Amen of the Week:
“You have to say no to your friends to say yes to your work… What are you going to do … lose that idea because you decide to have a drink with your friends?”
- Lin-Manuel Miranda, creator of the new Broadway hit “Hamilton”
(Wall St. Journal, April 6, 2016)
A few weeks ago I spoke to a class at Columbia Business School. I gave a fun little demonstration of how our odds of success can be far different than we’d assume. I asked a student to name a card and proceeded to correctly name it. This wasn’t a magic trick. I honestly predicted her card correctly. But my odds weren’t 1 in 52. They were closer to 1 in 2. You can learn how in this 2-minute video excerpt …
The point that I was trying to communicate to the students is that our odds of success as investors are not necessarily what we might presume. There are roughly 2,500 liquid US stocks in which you can invest. However, the odds of one of these stocks being a successful investment are not evenly distributed. Yes, the market is highly efficient, but not perfectly so. Some stocks have historically proven to have had better odds of success than others. Small stocks, for example, have done better than large stocks, and low-expectation, or “value”, stocks have done better than high-expectation, or “growth”, stocks.
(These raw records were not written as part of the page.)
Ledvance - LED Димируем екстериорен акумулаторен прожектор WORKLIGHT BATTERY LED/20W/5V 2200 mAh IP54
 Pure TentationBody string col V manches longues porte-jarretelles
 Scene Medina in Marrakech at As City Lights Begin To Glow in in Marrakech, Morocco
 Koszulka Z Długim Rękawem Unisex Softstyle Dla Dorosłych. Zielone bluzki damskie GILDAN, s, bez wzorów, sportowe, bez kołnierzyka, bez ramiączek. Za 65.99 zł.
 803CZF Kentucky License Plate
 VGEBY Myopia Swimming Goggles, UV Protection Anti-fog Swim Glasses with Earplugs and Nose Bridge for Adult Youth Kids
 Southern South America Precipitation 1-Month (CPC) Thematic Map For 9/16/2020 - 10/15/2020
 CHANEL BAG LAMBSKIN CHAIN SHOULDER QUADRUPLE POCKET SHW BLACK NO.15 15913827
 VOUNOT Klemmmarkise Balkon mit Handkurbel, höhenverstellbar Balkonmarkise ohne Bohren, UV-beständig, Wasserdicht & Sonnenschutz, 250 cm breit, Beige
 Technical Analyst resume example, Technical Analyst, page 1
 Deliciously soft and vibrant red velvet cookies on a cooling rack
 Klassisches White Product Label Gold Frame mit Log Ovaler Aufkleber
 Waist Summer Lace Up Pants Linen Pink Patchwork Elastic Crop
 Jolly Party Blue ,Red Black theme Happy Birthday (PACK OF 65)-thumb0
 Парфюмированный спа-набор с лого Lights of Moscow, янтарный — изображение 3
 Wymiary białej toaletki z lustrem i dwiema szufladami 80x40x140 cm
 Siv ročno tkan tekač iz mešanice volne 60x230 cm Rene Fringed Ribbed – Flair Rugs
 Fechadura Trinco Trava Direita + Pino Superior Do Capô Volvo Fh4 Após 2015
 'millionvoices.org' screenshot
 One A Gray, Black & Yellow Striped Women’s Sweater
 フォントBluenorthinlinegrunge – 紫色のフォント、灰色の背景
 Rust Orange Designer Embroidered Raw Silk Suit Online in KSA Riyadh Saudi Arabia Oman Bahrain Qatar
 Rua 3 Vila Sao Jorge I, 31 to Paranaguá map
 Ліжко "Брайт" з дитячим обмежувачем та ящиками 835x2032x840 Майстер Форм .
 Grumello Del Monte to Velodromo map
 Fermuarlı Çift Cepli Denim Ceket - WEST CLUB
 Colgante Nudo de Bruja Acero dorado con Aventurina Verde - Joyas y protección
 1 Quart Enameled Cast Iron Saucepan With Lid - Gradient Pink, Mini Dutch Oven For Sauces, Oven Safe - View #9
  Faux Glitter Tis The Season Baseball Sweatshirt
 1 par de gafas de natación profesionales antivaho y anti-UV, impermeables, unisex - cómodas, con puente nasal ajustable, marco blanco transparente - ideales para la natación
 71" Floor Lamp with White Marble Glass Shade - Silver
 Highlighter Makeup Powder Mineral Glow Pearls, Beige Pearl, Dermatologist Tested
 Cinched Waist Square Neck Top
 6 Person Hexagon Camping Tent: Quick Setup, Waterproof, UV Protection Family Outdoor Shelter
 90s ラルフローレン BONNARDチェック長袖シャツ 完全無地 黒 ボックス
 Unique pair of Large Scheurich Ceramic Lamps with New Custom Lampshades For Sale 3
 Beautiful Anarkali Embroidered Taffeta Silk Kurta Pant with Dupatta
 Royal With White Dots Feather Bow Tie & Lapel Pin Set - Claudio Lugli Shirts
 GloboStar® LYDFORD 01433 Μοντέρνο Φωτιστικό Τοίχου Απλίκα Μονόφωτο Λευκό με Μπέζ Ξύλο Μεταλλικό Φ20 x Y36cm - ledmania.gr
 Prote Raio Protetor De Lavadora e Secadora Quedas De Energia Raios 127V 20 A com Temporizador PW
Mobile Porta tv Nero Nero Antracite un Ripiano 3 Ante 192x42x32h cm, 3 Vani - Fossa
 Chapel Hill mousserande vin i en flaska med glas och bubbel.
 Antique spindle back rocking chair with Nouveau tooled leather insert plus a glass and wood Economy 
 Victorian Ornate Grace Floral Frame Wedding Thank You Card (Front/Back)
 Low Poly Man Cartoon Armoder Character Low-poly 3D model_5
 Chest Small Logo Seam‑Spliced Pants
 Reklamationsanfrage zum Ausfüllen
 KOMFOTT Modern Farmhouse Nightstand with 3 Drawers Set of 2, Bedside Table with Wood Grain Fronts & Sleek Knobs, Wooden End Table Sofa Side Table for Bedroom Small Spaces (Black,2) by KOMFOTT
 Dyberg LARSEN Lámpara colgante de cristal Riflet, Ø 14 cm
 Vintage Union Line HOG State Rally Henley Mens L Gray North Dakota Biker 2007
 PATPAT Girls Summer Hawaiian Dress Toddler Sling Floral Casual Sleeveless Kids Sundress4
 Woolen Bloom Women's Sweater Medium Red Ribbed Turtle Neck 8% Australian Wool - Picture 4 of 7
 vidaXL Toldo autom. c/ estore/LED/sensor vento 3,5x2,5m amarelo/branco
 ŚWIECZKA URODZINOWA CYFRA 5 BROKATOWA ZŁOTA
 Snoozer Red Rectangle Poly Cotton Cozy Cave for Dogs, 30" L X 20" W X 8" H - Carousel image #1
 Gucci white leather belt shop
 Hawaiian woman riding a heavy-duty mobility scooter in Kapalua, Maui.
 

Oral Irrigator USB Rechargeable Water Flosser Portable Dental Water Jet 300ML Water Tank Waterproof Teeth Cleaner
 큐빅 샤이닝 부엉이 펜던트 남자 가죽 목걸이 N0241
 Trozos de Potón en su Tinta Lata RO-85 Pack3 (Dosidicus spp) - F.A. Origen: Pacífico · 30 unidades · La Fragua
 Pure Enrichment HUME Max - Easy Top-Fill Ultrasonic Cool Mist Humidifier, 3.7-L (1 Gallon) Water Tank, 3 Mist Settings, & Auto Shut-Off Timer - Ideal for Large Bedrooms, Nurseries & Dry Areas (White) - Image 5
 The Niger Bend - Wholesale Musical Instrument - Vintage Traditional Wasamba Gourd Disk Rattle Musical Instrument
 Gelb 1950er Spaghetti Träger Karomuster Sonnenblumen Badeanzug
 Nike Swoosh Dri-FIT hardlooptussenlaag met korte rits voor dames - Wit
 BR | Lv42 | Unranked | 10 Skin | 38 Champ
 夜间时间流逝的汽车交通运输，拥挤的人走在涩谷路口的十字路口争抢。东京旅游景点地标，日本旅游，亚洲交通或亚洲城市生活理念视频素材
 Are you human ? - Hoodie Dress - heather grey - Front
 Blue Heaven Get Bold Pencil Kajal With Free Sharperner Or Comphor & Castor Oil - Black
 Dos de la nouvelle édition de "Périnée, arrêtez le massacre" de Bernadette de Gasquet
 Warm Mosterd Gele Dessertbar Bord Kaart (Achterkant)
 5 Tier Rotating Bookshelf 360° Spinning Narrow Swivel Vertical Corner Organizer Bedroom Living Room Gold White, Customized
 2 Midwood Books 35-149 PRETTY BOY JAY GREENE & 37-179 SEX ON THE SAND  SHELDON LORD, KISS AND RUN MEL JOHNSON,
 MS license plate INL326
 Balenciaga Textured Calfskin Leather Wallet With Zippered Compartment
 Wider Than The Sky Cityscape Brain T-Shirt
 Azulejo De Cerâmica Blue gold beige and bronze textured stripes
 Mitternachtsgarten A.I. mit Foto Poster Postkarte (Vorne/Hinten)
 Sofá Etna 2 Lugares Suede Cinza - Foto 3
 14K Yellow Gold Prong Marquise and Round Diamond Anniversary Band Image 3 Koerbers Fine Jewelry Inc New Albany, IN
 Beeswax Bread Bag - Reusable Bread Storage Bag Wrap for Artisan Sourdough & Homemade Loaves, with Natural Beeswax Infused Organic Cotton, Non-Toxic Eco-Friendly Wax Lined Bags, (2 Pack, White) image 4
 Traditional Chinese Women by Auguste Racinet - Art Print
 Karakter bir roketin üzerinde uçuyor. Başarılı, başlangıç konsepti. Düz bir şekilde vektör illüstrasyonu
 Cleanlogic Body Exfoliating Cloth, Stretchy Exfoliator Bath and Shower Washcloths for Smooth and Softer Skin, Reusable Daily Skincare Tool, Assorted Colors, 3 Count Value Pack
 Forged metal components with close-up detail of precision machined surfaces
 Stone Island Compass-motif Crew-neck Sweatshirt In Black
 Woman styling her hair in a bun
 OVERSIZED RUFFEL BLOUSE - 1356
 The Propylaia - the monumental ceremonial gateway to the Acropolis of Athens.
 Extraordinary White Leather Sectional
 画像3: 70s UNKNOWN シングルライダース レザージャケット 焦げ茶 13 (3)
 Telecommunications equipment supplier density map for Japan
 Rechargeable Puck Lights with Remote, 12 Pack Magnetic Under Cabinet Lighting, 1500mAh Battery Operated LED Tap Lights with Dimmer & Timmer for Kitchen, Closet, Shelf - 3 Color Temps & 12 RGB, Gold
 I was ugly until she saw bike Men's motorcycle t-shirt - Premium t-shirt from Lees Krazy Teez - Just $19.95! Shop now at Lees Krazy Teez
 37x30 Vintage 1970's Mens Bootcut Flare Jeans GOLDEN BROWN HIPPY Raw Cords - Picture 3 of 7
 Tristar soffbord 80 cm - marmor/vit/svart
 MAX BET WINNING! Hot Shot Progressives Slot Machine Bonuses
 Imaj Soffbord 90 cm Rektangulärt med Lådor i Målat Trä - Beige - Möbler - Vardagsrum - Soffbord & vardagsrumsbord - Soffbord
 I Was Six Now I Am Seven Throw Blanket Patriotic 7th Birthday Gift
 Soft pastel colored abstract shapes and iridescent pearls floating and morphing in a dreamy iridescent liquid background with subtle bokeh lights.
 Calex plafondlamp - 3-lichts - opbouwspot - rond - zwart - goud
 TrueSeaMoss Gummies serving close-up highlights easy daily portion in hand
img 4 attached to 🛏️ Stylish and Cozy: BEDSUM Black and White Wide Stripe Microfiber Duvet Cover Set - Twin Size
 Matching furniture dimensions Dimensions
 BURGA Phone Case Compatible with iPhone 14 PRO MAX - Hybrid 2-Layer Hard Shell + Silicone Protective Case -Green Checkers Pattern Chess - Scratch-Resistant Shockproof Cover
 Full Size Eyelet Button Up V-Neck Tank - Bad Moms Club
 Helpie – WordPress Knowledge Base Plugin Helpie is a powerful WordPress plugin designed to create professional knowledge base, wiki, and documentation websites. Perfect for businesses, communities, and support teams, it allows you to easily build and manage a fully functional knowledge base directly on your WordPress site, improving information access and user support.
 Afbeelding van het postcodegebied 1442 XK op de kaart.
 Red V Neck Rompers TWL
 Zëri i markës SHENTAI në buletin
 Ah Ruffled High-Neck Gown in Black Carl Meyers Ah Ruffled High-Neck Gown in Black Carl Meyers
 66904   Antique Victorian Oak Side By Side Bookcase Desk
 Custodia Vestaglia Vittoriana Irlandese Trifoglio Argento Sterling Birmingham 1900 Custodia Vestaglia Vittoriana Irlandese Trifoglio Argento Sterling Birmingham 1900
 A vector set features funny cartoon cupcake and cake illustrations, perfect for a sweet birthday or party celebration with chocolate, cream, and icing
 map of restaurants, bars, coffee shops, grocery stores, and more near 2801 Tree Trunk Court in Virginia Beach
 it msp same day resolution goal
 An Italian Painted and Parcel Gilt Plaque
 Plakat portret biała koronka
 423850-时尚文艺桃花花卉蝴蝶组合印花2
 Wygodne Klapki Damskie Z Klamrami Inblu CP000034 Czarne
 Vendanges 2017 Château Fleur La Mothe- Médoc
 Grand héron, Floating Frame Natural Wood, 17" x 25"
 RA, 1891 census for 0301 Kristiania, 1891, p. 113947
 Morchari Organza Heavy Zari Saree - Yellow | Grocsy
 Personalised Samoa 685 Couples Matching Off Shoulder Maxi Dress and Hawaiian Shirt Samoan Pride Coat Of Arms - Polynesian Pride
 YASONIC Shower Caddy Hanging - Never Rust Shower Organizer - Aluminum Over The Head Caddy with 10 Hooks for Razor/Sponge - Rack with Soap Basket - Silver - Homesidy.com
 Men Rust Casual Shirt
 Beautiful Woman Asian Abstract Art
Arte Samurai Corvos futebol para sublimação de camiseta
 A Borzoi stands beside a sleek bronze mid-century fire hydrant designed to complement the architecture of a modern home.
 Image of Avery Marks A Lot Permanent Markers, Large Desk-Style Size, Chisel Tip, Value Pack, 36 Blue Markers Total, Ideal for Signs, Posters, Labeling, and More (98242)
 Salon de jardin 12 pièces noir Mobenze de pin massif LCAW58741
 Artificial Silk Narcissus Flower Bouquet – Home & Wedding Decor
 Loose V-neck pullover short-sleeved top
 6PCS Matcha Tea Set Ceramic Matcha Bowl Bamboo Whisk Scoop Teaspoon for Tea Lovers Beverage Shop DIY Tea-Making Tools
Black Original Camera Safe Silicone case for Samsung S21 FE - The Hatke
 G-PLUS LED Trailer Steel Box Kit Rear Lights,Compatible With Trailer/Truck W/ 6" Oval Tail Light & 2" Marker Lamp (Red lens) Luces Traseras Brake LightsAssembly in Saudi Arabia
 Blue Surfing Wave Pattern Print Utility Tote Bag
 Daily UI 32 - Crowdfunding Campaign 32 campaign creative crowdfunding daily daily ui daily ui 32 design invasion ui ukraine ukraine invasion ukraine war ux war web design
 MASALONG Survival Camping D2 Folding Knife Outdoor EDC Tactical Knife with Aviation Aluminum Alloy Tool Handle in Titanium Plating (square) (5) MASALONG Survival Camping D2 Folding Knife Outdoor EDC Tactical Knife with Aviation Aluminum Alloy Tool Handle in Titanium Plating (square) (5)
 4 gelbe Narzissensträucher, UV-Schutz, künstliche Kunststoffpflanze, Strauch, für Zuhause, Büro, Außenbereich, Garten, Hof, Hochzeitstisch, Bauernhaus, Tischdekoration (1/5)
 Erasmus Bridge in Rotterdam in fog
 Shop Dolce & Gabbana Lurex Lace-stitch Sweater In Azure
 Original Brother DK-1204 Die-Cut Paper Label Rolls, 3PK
But we need to be careful. Just when we think we’ve found a strategy that tilts the odds in our favor, we might be naively adopting one that does just the opposite. Investing has a way of confounding the most logical of thinkers. Statisticians can make dangerous mistakes by extrapolating past patterns into the future. Human beings determine securities prices, and humans are … well … human. They’re not robots. Their behavior and nature can change over time. This is why Fielder remains a healthy skeptic regarding investment strategies that are overly-quantitative – especially those that seem to have done so much better for so long. Consider my magic card trick example in the video. Assume that this video goes viral. (Ha!) If it did, all students would know the two cards that I’d assume they’d pick. Next year if I were to give this same demonstration, my odds of correctly guessing a student’s card would be far less than 1 in 2. They might even be less than 1 in 52. This is why we want to avoid investing blindly in what worked well yesterday. Circumstances and human perceptions are constantly evolving. As a result, market prices – and hence our odds of success – are constantly evolving. May we thus remember to think ahead, not in the past.